De l’empathie pour les commerçants et les entreprises qui se prennent des baffes monumentales dans la gueule depuis mars, j’en ai. De l’admiration pour le personnel soignant qui bosse comme des connards 24/7, j’en ai encore plus.
En prenant du recul, l’essentiel est là: mes enfants sont en bonne santé, mes proches se portent bien, nous avons tous un toit sur la tête et à manger dans nos assiettes. Le reste n’est que fioriture. Vraiment.
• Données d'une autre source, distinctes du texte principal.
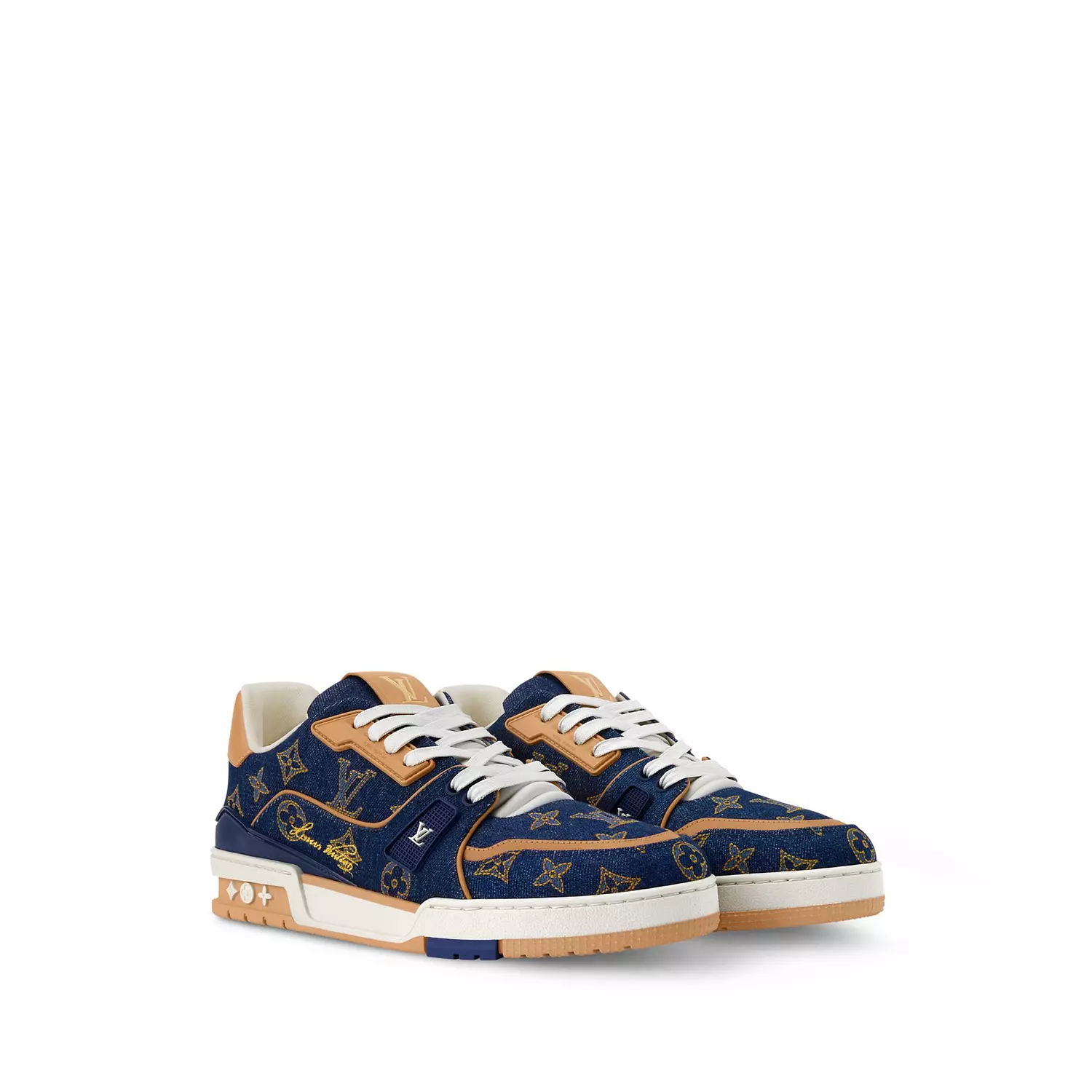 Louis Vuitton LV Trainer Sneakers in Monogram-embroidered denim 2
Nous gérons la séparation comme nous le pouvons, avec les outils à notre disposition et nous nous apprêtons à passer les fêtes chacun de notre côté. C’est triste mais c’est comme ça. Je préfère me priver de mes parents, de mes frères et de ma soeur, sacrifier un Noël tous ensemble, pour pouvoir mieux les retrouver plus tard.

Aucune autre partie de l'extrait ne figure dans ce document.